Öğrencilerin okuma ve yayın takip etme alışkanlıkları oldukça düşük düzeydedir. Tablo 30’a göre öğrencilerin %57,3’ü hiçbir gazeteyi takip etmediğini belirtirken, tablo 31’e göre öğrencilerin %92,7’si hiçbir dergiyi takip etmediğini belirtmiştir. Araştırmamızda öğrencilerin değer yargılarını anlamak amacıyla hayatta önem
verdikleri ilk üç unsuru sıralamaları istenmiştir. Tablo 25’e göre öğrencilerin 64,8’i
hayatta önem verdikleri ilk unsurun aile olduğunu söylemektedir. Tablo 26’ya göre ikinci unsur olarak en üstte yer alan özgürlük ve özgür düşünce olmuştur. Tablo 27’ye göre üçüncü unsur olarak oransal anlamda ikinci unsura göre daha düşük düzeyde kalmış olsa da yine özgürlük ve özgür düşünce olmuştur. Bu üç tablo birlikte incelendiği zaman dini inanç seçeneğinin de yüksek orana sahip olduğu görülmektedir. Dürüstlük unsuru ise çok daha düşük oranlarda kalmıştır. Üniversite öğrencilerinin değer sıralamasında manevi değerler ön plana çıkmıştır.

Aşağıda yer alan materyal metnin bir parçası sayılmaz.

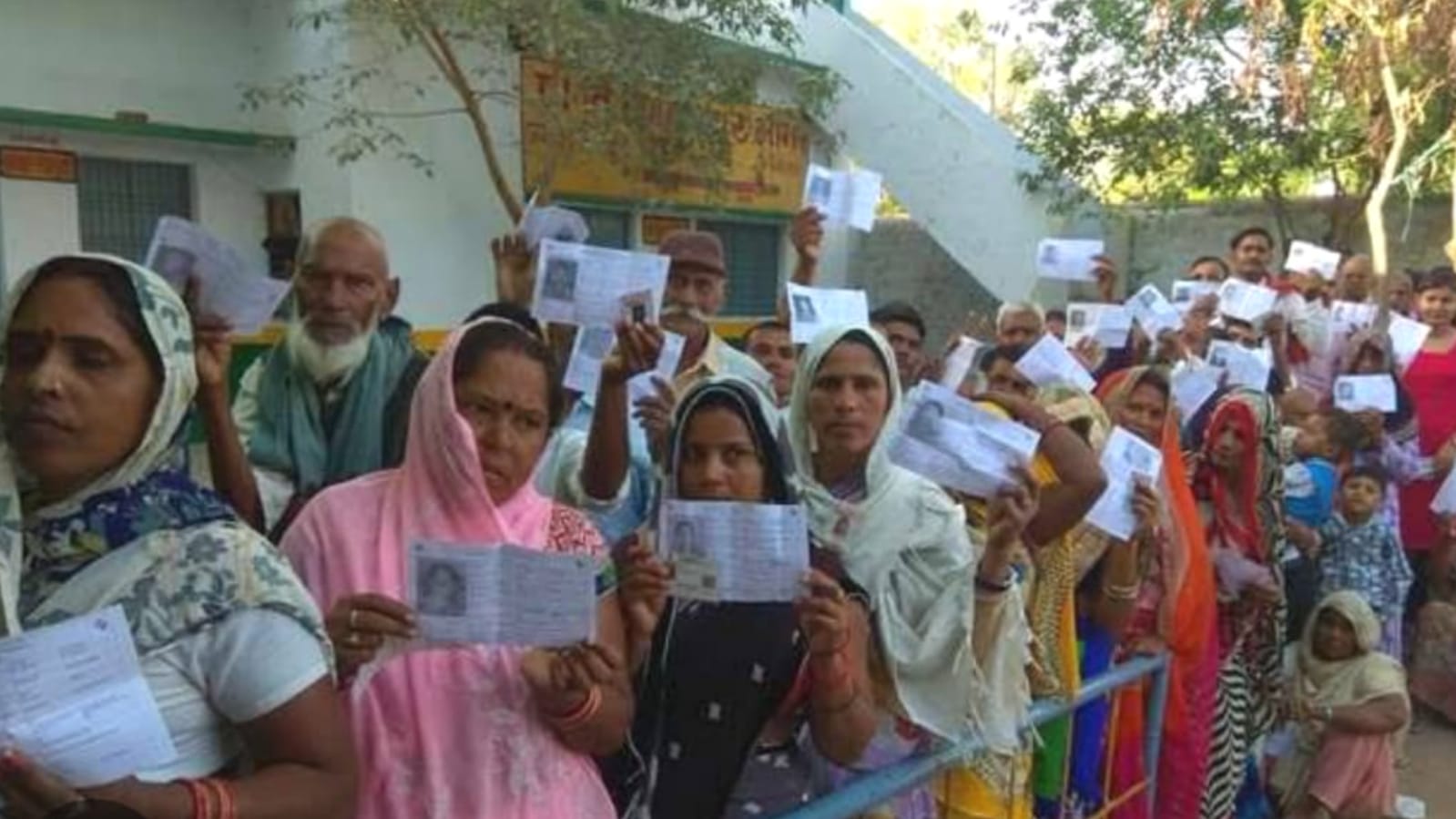 लोकसभा चुनाव : बांदा जनपद में बनाये गये 831 मतदान केंद्र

İnternetin kullanım oranının günden güne arttığı ve sosyal medyanın artık çok önemli bir boyut kazandığı günümüzde su götürmez bir gerçektir. Sosyal medya kişiler arasındaki iletişimi kolaylaştırmanın yanında aynı zamanda bir haber kaynağı niteliği taşımaktadır. Ayrıca sosyal medyayı en çok kullananlar da gençlerdir. Bu sebeple sosyal medyanın takip edilmesi, burada paylaşılan gönderiler, tartışılan konular üzerinde durulması gereken bir noktadır. Araştırmamızın bulguları doğrultusunda tablo 22’ye göre öğrencilerin %95,5’i en az bir sosyal medya hesabına sahiptir ve sosyal medyayı takip etmektedir. Tablo 24’e göre ise öğrencilerin sosyal medya hesaplarını kullanarak tartıştıkları konu başlıklarında siyaset ilk sırayı almaktadır.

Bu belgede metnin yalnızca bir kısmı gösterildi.